Trusting your heart is the biblical thing to do.

It's o.k. to trust your heart now.  In fact, Jesus wants you to.

Your heart can be trusted now because it is no longer 'deceitfully wicked.'  If you follow Christ, it would be wrong to mistrust your heart:  It would be at cross-purposes with what God is doing in your life to constantly hold your desires under suspicion.

I recently asked a group of men to raise their hands if they thought that trusting their hearts was the right thing to do.  About a third of the hands went up.  The majority thought that holding their heart under suspicion was the biblical thing to do.  As we unpacked the truth of their new hearts, given to them when they said 'yes' to Jesus, we exposed the debilitating assumptions they were taught about their hearts.

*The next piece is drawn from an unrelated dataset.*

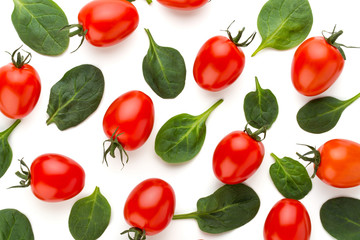 Spinach and tomato pattern background on white. Top view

I explained that within the new heart Jesus gave them came new and noble desires -- and that dismissing those desires as selfish or inherently wicked would prevent them from doing certain things like:

  • discovering their unique calling
  • loving God and loving each other


But not all desires are created equal

There are, of course, competing desires that can be whispered to us, but those desires are not ours.  They are either whispered by the Enemy, or our culture, or our 'flesh' (which is no longer us, not our real self);  but those desires are not our desires.  False desires are like thorns lodged in the skin -- they are embedded in our bodies, but not of our bodies.  The thorns cry out for our attention, but our health lies in the vitality already present in our bodies.  Our concern must focus on what's most alive and already present within us.  That's where God focuses his energy.

Ask God to reveal the desires of your heart
Stay with the process.  It's what he's up to in your life.  Trusting your heart is biblical.